- **Description of the task**: In the records below, the relevant part opens with the line containing "Gold ring with" and closes with the line containing "Spring Valley's Charlie"; print that part exactly and only, without its pictures.

- **Data for the task**:
# # # # # # #
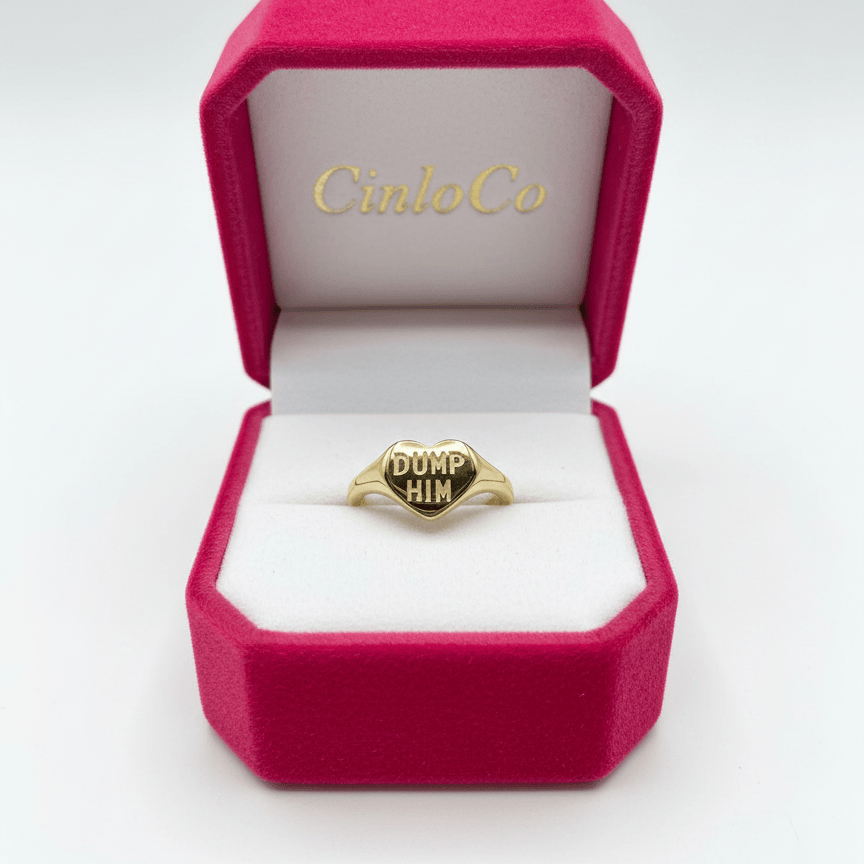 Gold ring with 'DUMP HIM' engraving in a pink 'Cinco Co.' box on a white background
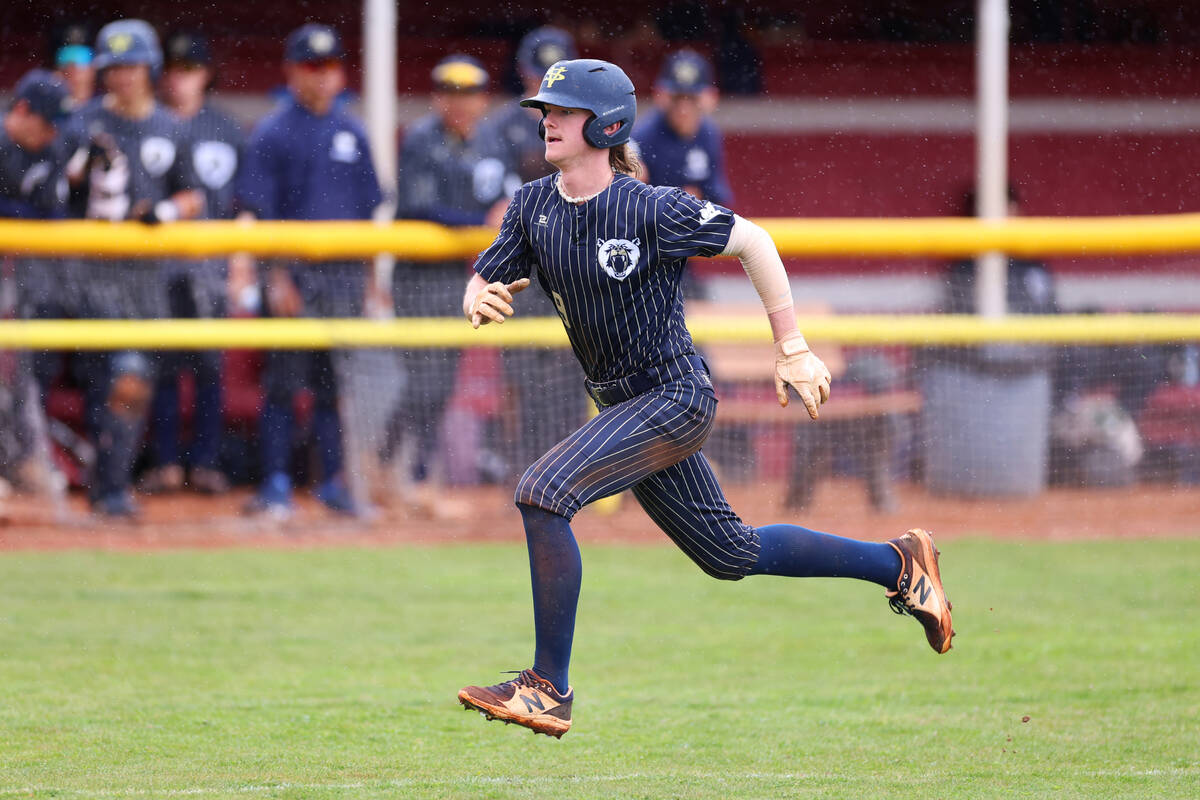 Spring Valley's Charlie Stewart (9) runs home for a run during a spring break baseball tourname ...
# # # # # # #
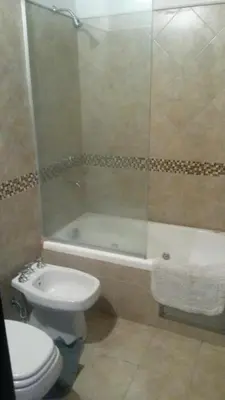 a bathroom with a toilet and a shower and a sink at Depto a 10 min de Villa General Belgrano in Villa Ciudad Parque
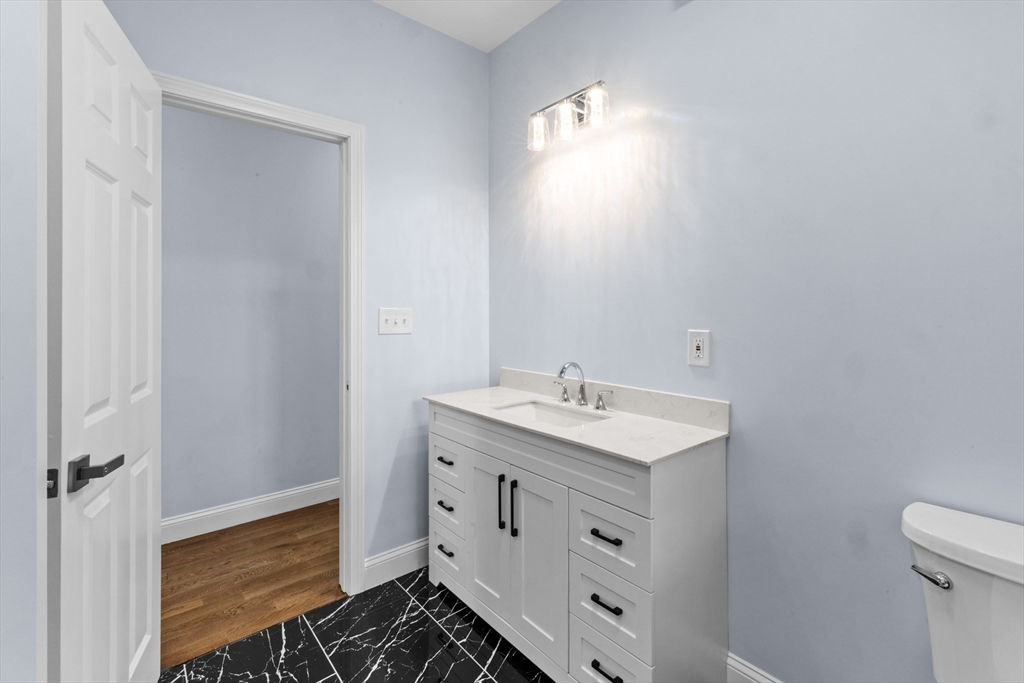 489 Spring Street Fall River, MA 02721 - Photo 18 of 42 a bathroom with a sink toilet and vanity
# # # # # # #
- **Reply**:
 Gold ring with 'DUMP HIM' engraving in a pink 'Cinco Co.' box on a white background
 Spring Valley's Charlie Stewart (9) runs home for a run during a spring break baseball tourname ...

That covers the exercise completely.